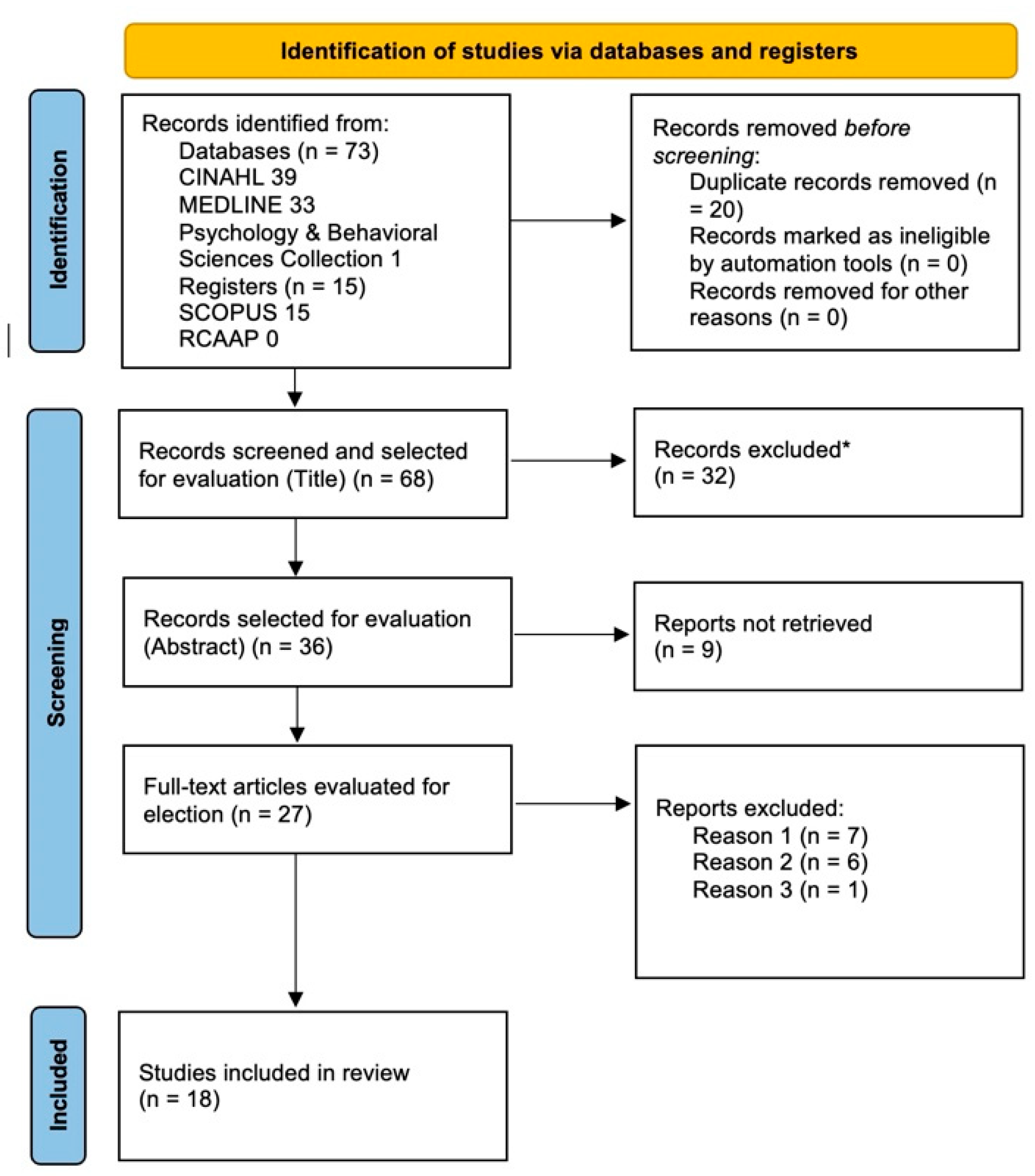 Preprints 159374 g001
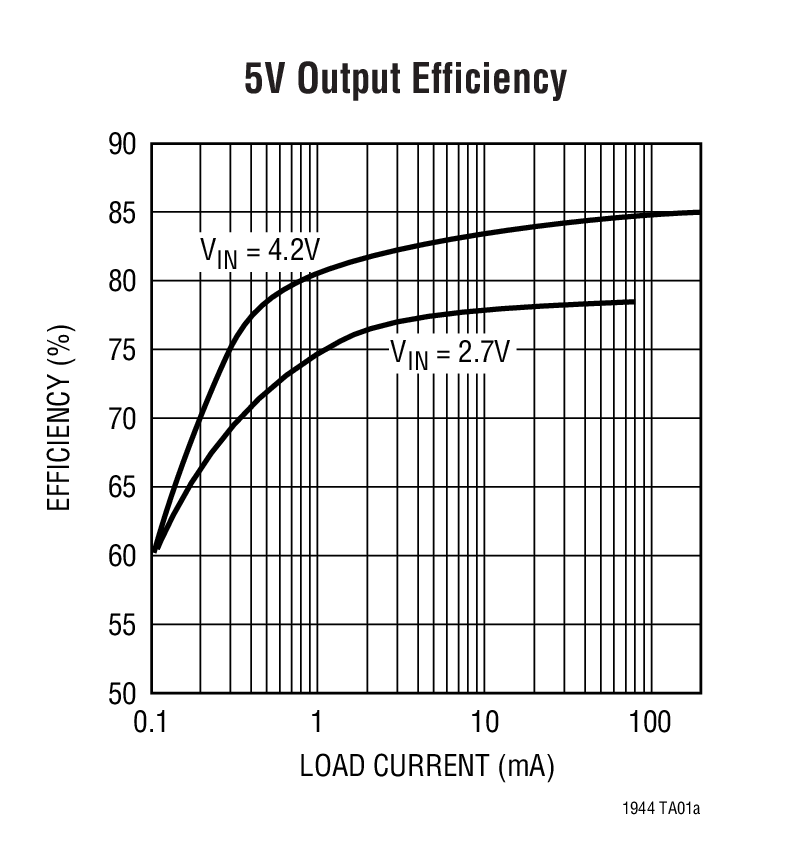 5V Output Efficiency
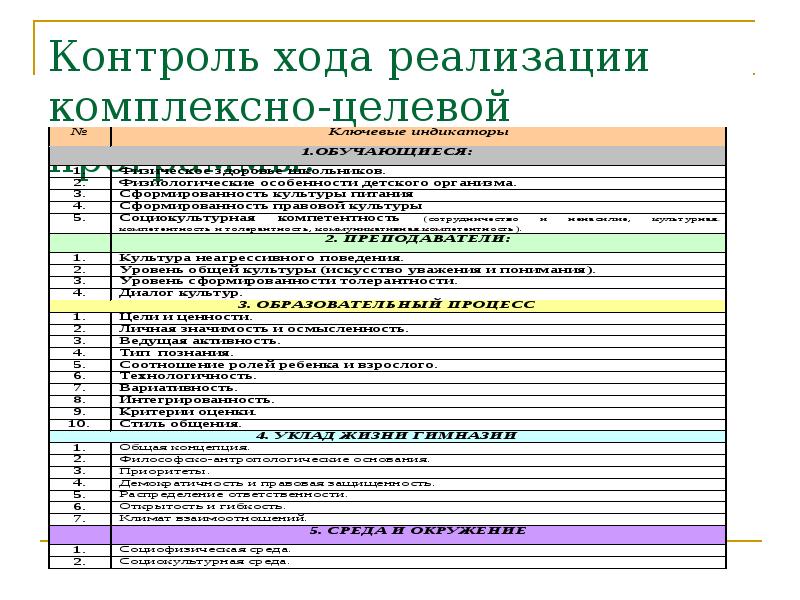 Разработка интегрированного плана проекта.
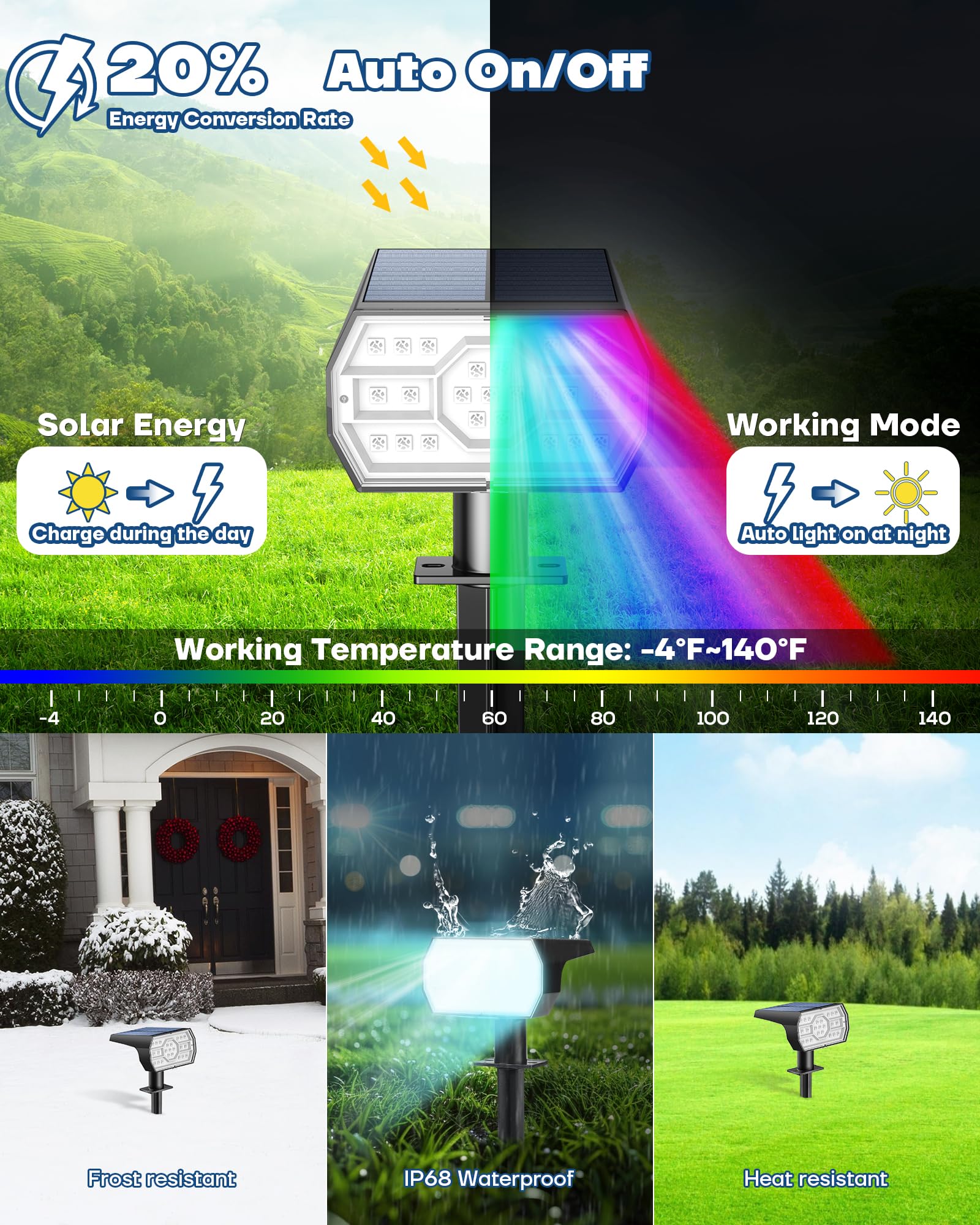 Kaxiida Solar Multicolor Lights, 7 Lighting Modes, Waterproof IP68, 6 Pack, well-made ABS Plastic, Color Changing for Outdoor Decor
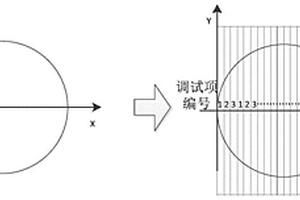 基于集成電路圓片坐標(biāo)分區(qū)的工程分析測(cè)試的方法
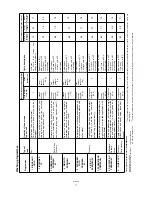 Preview for 11 page of Electrolux ESL499 Instruction Booklet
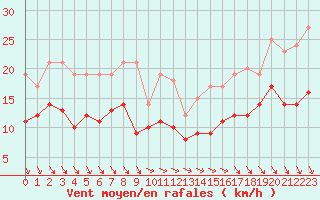 Courbe de la force du vent pour Poitiers (86)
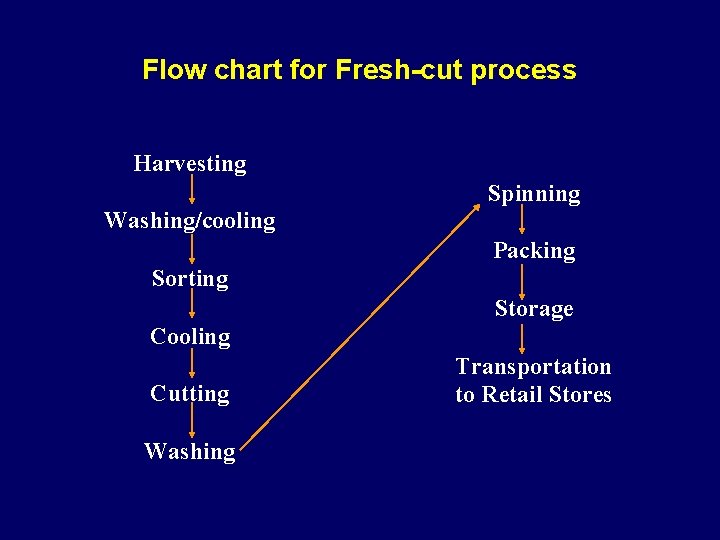 Flow chart for Fresh-cut process Harvesting Spinning Washing/cooling Packing Sorting Storage Cooling Cutting Washing Flow chart for Fresh-cut process Harvesting Spinning Washing/cooling Packing Sorting Storage Cooling Cutting Washing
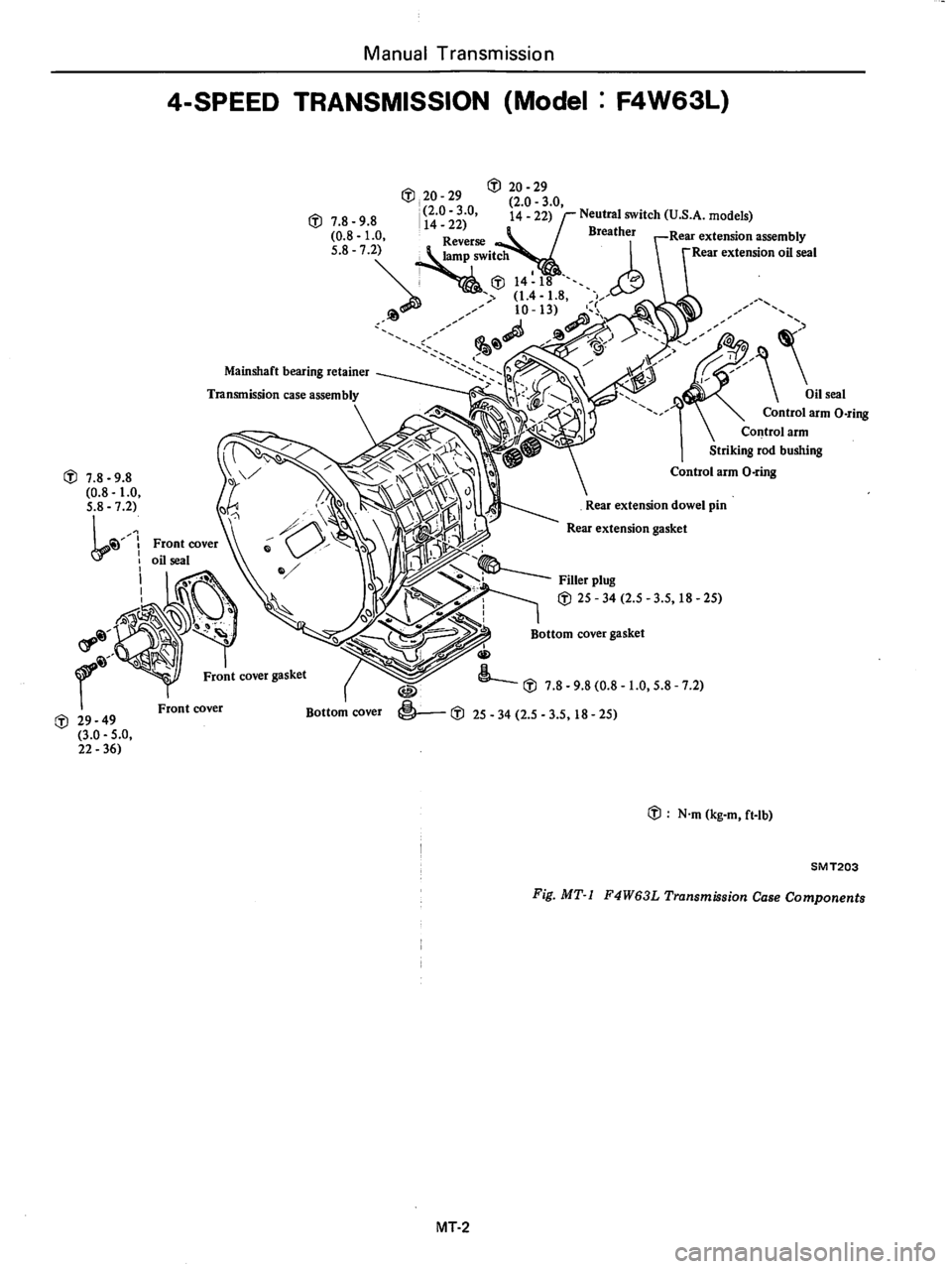 DATSUN 510 1980 Service Repair Manual DATSUN 510 1980 Service Repair Manual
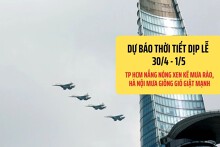Dự báo thời tiết dịp lễ 30/4 - 1/5: TP HCM nắng nóng xen kẽ mưa rào, Hà Nội mưa giông gió giật mạnh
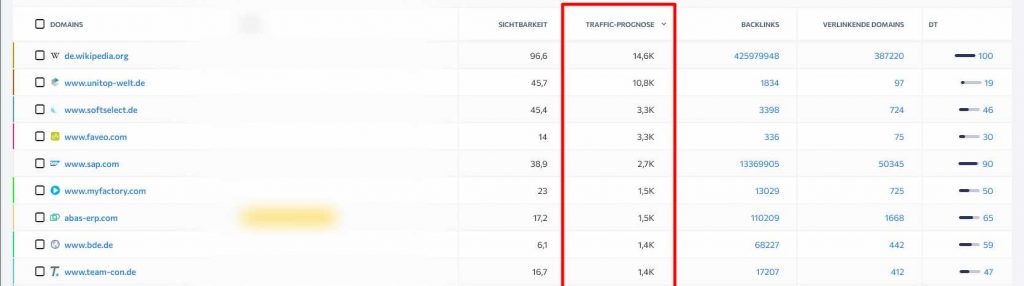 Sichtbarkeitsanalyse der SEO-Konkurrenten mit SE Ranking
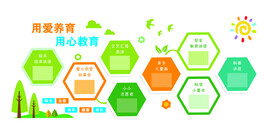 用心养育  用心教育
* * * * *
▶ _Exercise_
Every line above goes into your copy exactly; no images go in.

▶ _Answer_
 Preprints 159374 g001
 5V Output Efficiency
 Разработка интегрированного плана проекта.
 Kaxiida Solar Multicolor Lights, 7 Lighting Modes, Waterproof IP68, 6 Pack, well-made ABS Plastic, Color Changing for Outdoor Decor
 基于集成電路圓片坐標(biāo)分區(qū)的工程分析測(cè)試的方法
 Preview for 11 page of Electrolux ESL499 Instruction Booklet
 Courbe de la force du vent pour Poitiers (86)
 Flow chart for Fresh-cut process Harvesting Spinning Washing/cooling Packing Sorting Storage Cooling Cutting Washing Flow chart for Fresh-cut process Harvesting Spinning Washing/cooling Packing Sorting Storage Cooling Cutting Washing
 DATSUN 510 1980 Service Repair Manual DATSUN 510 1980 Service Repair Manual
Dự báo thời tiết dịp lễ 30/4 - 1/5: TP HCM nắng nóng xen kẽ mưa rào, Hà Nội mưa giông gió giật mạnh
 Sichtbarkeitsanalyse der SEO-Konkurrenten mit SE Ranking
 用心养育  用心教育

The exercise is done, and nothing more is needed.